The default setting on almost every camera is 0.95, which is perfect for most non-metallic surfaces. When you need to measure a shiny surface, you have two options:

1. The “Tape” Fix (The Easy Way): Don’t measure the metal. Stick a piece of black, matte electrical tape on it. Wait a minute for the tape to match the object’s temperature. Now, aim your camera at the tape (which has a high emissivity of ~0.95). You will get a dead-on accurate reading of the metal’s temperature.
2. The “Adjust” Fix (The Right Way): If you can’t put tape on it, you must tell the camera what it’s looking at. Find a reference chart, look up the emissivity of “polished aluminum” (e.g., ~0.05), and dial that number into your camera’s settings. The camera will now mathematically correct for the weak signal, boosting its calculation to show you the actual temperature.

Mastering this one concept—that you’re measuring a surface’s ability to radiate, not its temperature directly—is the entire game.

Decoding the Rest of the Spec Sheet

Once you understand emissivity, all the other specs just tell you how your camera sees the world. Let’s use the UTi165A as our classroom example.

• IR Resolution (80x60): This is your level of detail. An 80x60 resolution means your camera has a grid of 4,800 total pixels. This is not a high-definition photograph. You will not be reading serial numbers from across the room. The purpose of this resolution is to find anomalies. It’s perfect for scanning an electrical panel to see which breaker is glowing, or scanning a wall to see the outline of a moisture patch. As user reviews for similar products note, it’s great for “fault finding PCB shorts” because the one shorted component will glow like a star against the dark background.
• NETD (≤150mK): This is Thermal Sensitivity. NETD (Noise Equivalent Temperature Difference) is a fancy way of saying “how well the camera can hear a thermal whisper.” A value of 150mK means it can distinguish between two points that are only 0.15°C apart. This is crucial for finding subtle problems, like a faint cool spot on a wall indicating a new, small insulation leak. A lower NETD number is always better, as it gives you a clearer, less “noisy” image.
• Temperature Range (-10°C to 400°C): This is simply what it can measure. A low end of -10°C is great for finding cold drafts, while a high end of 400°C (752°F) is more than enough for checking electrical systems, automotive engines, and most industrial machinery.
• Field of View (FOV: 51°x38°): This is a wide-angle lens. It’s like your phone’s 0.5x camera. It’s fantastic for “taking in the whole scene,” like scanning a large wall or ceiling quickly. The tradeoff is that it’s not “zoomed in,” but for diagnostic work, seeing the context is often more important.

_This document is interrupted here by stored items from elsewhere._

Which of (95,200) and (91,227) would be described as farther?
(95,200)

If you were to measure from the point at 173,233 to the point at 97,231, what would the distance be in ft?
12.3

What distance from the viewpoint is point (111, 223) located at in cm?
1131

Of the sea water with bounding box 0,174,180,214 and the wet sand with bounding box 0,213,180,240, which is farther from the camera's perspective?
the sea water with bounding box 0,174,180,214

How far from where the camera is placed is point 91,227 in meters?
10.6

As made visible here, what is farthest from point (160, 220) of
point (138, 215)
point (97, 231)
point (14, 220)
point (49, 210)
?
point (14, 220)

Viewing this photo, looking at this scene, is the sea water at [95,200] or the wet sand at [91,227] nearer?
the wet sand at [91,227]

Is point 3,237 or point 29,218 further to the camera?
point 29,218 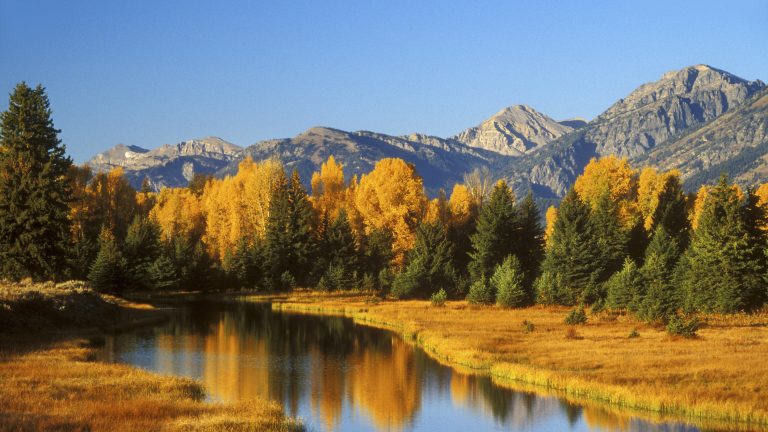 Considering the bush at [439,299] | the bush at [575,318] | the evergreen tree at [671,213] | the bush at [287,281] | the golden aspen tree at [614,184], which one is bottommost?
the bush at [575,318]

Where Knowledge Becomes Power

Now, let’s put it all together. You are no longer just a person with a gadget; you are a data interpreter.

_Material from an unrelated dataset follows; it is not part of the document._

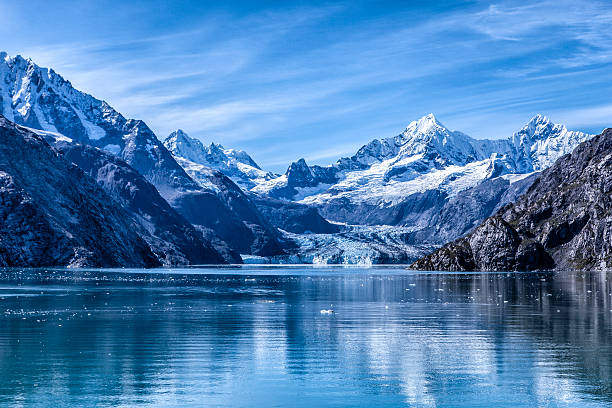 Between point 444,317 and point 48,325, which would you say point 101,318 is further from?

• You’re checking an electrical panel: You set your emissivity to 0.95 because the breakers are matte plastic. You use the wide FOV to scan the whole panel at once. The 80x60 resolution is perfect for making one breaker pop out visually, and the NETD is sensitive enough to see it’s 5 degrees hotter than the others. You’ve found a problem.
• You’re checking a circuit board: You’re looking for a tiny shorted capacitor. You set the emissivity to 0.95 (for the board’s coating), switch your palette to “Iron” or “Rainbow” for high contrast, and the 80x60 resolution clearly shows one tiny dot glowing white-hot. Job done.
• You’re checking a stainless steel tank: You point and get a reading of 80°F. You know it’s hot. Ah! As a mentor-trained pro, you realize you’re measuring a thermal mirror. You stick a piece of electrical tape on the tank, wait 60 seconds, change your emissivity back to 0.95, and measure the tape. The reading is 185°F. You’ve just uncovered the truth.

That is the power of this technology. It’s not in the tool; it’s in the user. An entry-level imager like the UNI-T UTi165A, when wielded by someone who understands the one crucial concept of emissivity, becomes a powerful and accurate diagnostic instrument. Welcome to the club.